In the introduction to the September 2015 issue of Computing Now, I discussed how as microelectronics shrink, integrated circuit (IC) performance and complexity increase — leading to vulnerability to several phenomena and thus threatening reliability in the field. That issue explored one phenomenon, in particular: bias temperature instability. Yet, several other challenges are just as relevant, including vulnerability to radiation-induced faults.
The July 2016 issue of Computing Now examines radiation’s effects on circuit reliability, as well as proposes approaches for ameliorating them.
Radiation-Induced Faults
When energetic particles generated from solar activity (such as protons, heavy ions, alpha particles, and neutrons) hit an IC’s silicon substrate, electron-hole pairs generate and move in the substrate. If collected by active source and drain diffusions in the transistor, such electron-hole pairs alter the IC internal nodes’ charge state, causing a voltage glitch usually referred to as a radiation-induced fault, a transient fault, or a single-event transient.
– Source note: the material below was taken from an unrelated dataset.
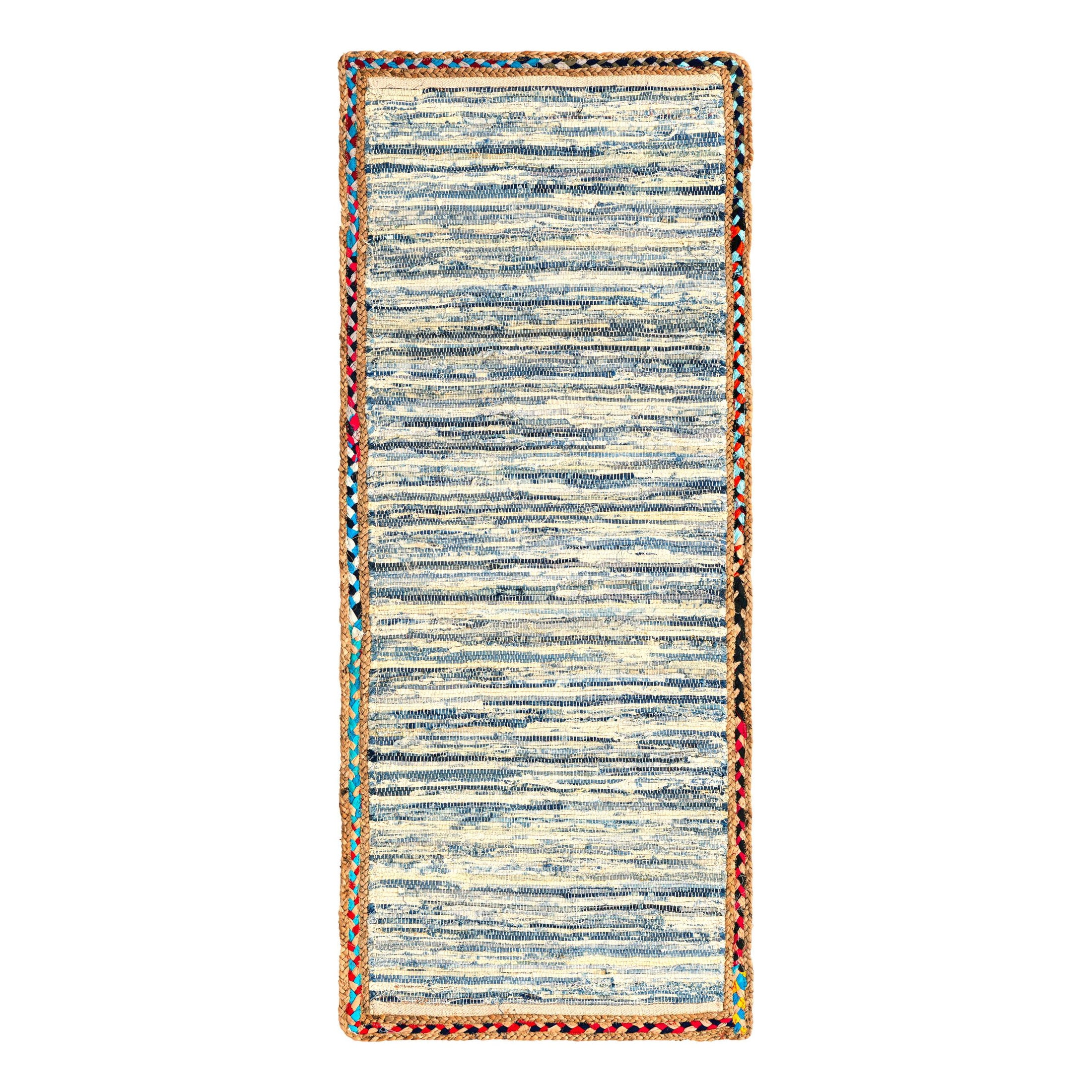 Handmade Ivory and Gray Braided Jute Runner Rug 2'7" x 6'1"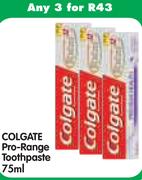 Colgate Pro-Range Toothpaste-3x75Ml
If the affected nodes belong to a memory element, radiation-induced faults could cause an output logic error, usually called a soft error (SE), or single-event upset. If the affected nodes belong to a logic block, they might propagate until the input of a downstream sampling element, and then cause an SE. This occurs when the electrical filtering of the circuits between the affected node and the latching element input, as well as the logical filtering of the interposed logic gates, are such that the radiation-induced fault propagates until the latching element input with an appropriate amplitude and duration. Moreover, the radiation-induced fault’s arrival time at the latching element input should satisfy its setup and hold-time constraints with respect to the sampling instant. The SE at the sampling element’s output could compromise the whole system’s correct operation in the field, with consequent harm to reliability.
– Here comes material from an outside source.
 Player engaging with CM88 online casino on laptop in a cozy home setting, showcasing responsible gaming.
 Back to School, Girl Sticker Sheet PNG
Although these errors have always been a problem for the electronics used in aviation and space exploration, they now also present major concerns for general-purpose electronics. Smaller transistor sizes mean scaled-down voltage supply and reduced capacitance associated with IC nodes, both of which increase susceptibility to radiation-induced faults. Researchers have devoted intensive efforts to analyzing and modeling radiation-induced faults in ICs, both to estimate IC sensitivity and to develop techniques aimed at improving their tolerance.
In this Issue
The four articles in this month’s theme discuss innovative approaches to designing robust, radiation-tolerant memory elements, embedded processors, and graphic units — in theory and in practice.
“High-Performance Robust Latches,” an article that I coauthored with Martin Omaña and Daniele Rossi, introduces two latches that are insensitive to radiation-induced faults. The first latch is suitable for architectures that don’t employ clock gating (CG) to reduce power consumption. In fact, radiation-induced faults that affect some internal nodes can leave output nodes in a high-impedance state. If CG were activated, the high-impedance node could be improperly charged or discharged to an incorrect logic value due to leakage currents, potentially generating an output SE. Without CG, the output doesn’t remain in a high-impedance state long enough to enable leakage currents to charge or discharge the associated capacitance. The second latch is suitable for architectures that employ CG because its output can’t remain in a high-impedance state when radiation-induced faults affect any of its internal nodes.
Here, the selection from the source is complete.